Why the rise of the gig economy signals an emerging world of work and why HR Directors should start building a strategy to prepare for it.

If I were to simplify the two polar opposite mind-sets around the world of HR on the issue of the gig economy, then it would be characterised by those fond of over-promoting it as the next big thing on one hand and those who see little obvious application to their established business models on the other.

If I were to simplify the two polar opposite mind-sets around the world of HR on the issue of the gig economy, then it would be characterised by those fond of over-promoting it as the next big thing on one hand and those who see little obvious application to their established business models on the other.

Neither offers a balanced view on a subject that, if we look deeper, is offering to provide us with a catalyst and test case for the future of work. Wherever you stand you will need a strategy to deal with it.

Before exploring the gig supply side, let’s ask whether the hierarchical organisational structure we’re all so familiar with is still relevant today and if it is beginning to change, then what are the underlying factors making this a reality? Technology gets the obvious column inches but the rapid rise in the number of contingent workers (from gig to the precarious sectors, from zero hours to the professional chattering classes) and the possible bottom line benefit to margin-minded fiscal management is, I believe, the developing story to watch.

As I’ve stated, the obvious default position is to over-emphasise the technology angle powering change. Of course it is safe to say that the multi-billion dollar Technology sector is continuing to disrupt and transform industries but our relative capital expenditure in business is in fact reducing at a very time when we need to be innovating and adapting. ‘Short-term capitalism’ is a systemic structural problem in our economy where banking our profits and being beholden to the needs of the shareholder community seems to take precedent over an investment strategy for innovation & growth. This, you feel, must change.

In the multibillion dollar HR Technology sector (highly dominated by recruitment point solutions) the increasing pace of change by visionary vendors in the freelance space has many exciting opportunities on its roadmap. For those unfamiliar with such platforms, they lend heavily from their consumer counterparts such as Uber and AirBnB, to provide a safe and accessible, intermediary platform to access vetted, curated, freelance talent. The exciting thing about the progressive march forward is that the projected improvements in digital candidate assessment could eventually help crack the perennial talent supply and demand problem where we can eradicate disengagement and also boost productivity with clever tech-enabled assessment. Watch this space.

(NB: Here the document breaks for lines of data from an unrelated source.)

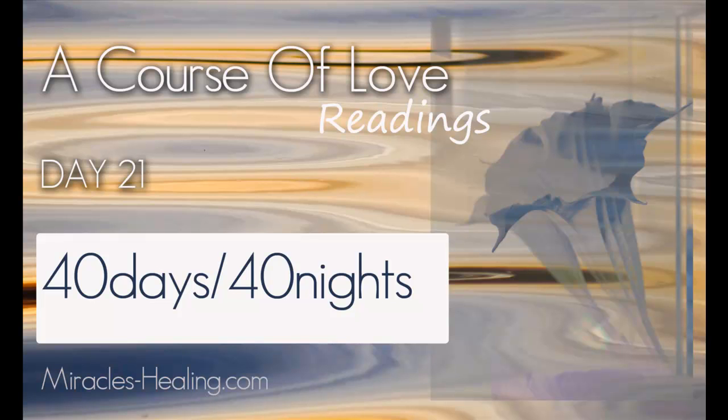A Course of Love, Book 3, Forty Days and Forty Nights, Day 21, The Reversal.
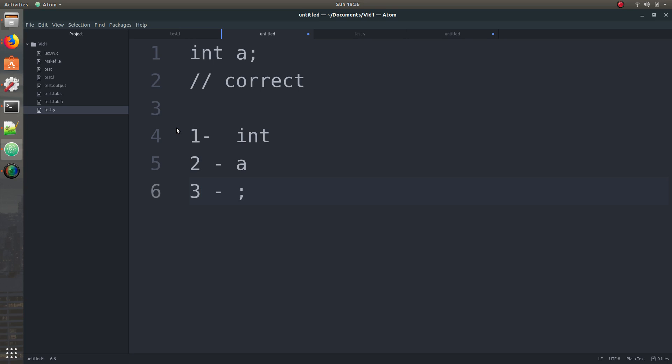And third is just going to be the semicolon, just to tell the compiler that this thing has ended, that's it. So that is what the lexical analyzer does and that's what we use Flex for.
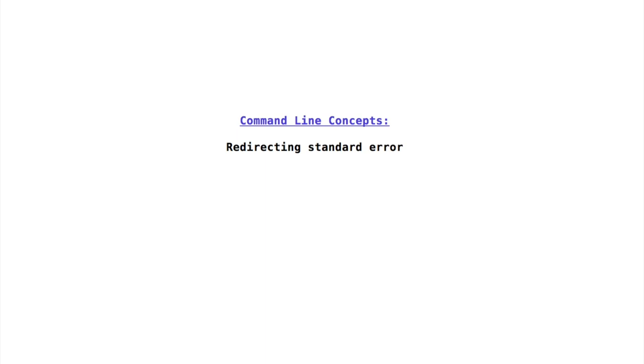Let's take a look at command line concepts, redirecting standard error. By default, the output redirection operators only redirect standard output. They do not redirect standard error.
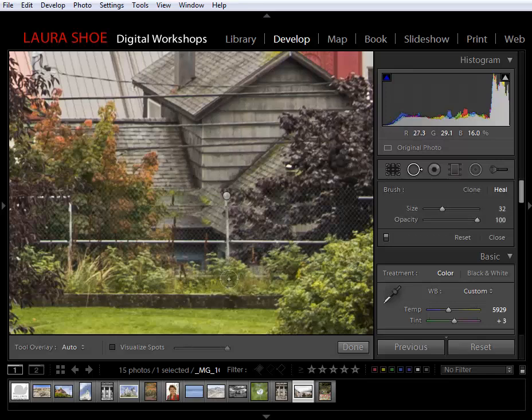So this concludes the video on the Advanced Healing Brush, a great new feature in the Lightroom 5 Beta. For more Lightroom videos and tutorials, check out my website at laurashoe.com.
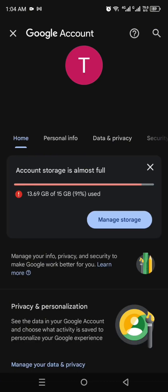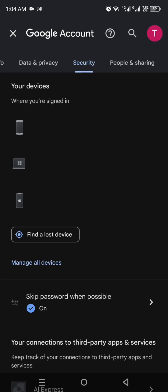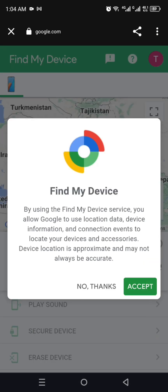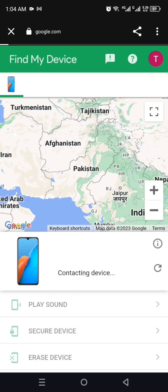Once you're logged in with the Gmail account you want to track, open Google Account, swipe up, and go to the Security option. Here you will see on which devices this Gmail is active. Click on any one of these devices and you will find the option that says 'Find your phone,' which lists all your devices. Click on the lost device, then click on 'Find My Device' and accept.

However, in response to a business world that is no longer predictable, repeatable and rigid, there is a whiff of opportunism in the air when it comes to tapping into the rise of the freelance sector. An emerging template of the new organisation has ‘consistent flexibility’ in mind and it might just be the answer to the productivity and cost challenges the boardroom has been looking for. Put simply, customer at the heart of the organisation, excellent data insight, a smaller core of employees responsible for investing in aligned projects & oversight and a curated, specialist flexible, contingent freelance community accessible on an on-demand talent platform to deliver at the point of need and then disappear thus not burdening the business with unproductive down time and fixed employee costs. Tapping into the value-creation structure that smashes through hierarchy and targets mastery instead is a silver bullet for organisational success in the years ahead.

This change won’t be linear. Our contingent workforce is growing rapidly, however barriers to innovating to this new way of working are plenty and need careful attention:

As shown by recent judgements on Uber and Deliveroo, our employment landscape is out of date. A modern employment review is underway and may provide some answers about the sort of economy and society we wish to pursue.

What’s more, our tax and company laws send all the wrong signals to freelancers and the Government has a potentially enormous gaping hole in the exchequer coming up in 2020 with the rise of the freelance population. The forthcoming IR35 implementation looks to have potentially catastrophic penalties to a growing freelancer community.

The wider knock-on affects of having a small core in the organisation centre and a large, transient, freelance construct throws up major new issues about the sociology at work – how we define belonging? the issues of IP ownership? co-employment? How the sparks of true innovation really come about?

This is a fascinating and rapidly evolving area of work and I’d suggest that every HR organisation starts with the following:

1. Understand the scale of your current freelance problem / opportunity using your data intelligently, considering partnering with a technology vendor.

2. Build an effective total workforce strategy that embraces talent economics, impact of automation and places a premium on putting to the test what you want your organisation to represent. Get this wrong and in an era of employee citizenry you could be diluting your well-formed EVP.

3. Scan the horizon for one of the most fascinating developing stories taking place in our evolving future of work.

This is a time to champion innovation to bring out the best in people-centric organisations especially when pressure exists to take a more short-term and potentially toxic approach from other parts of the boardroom itself.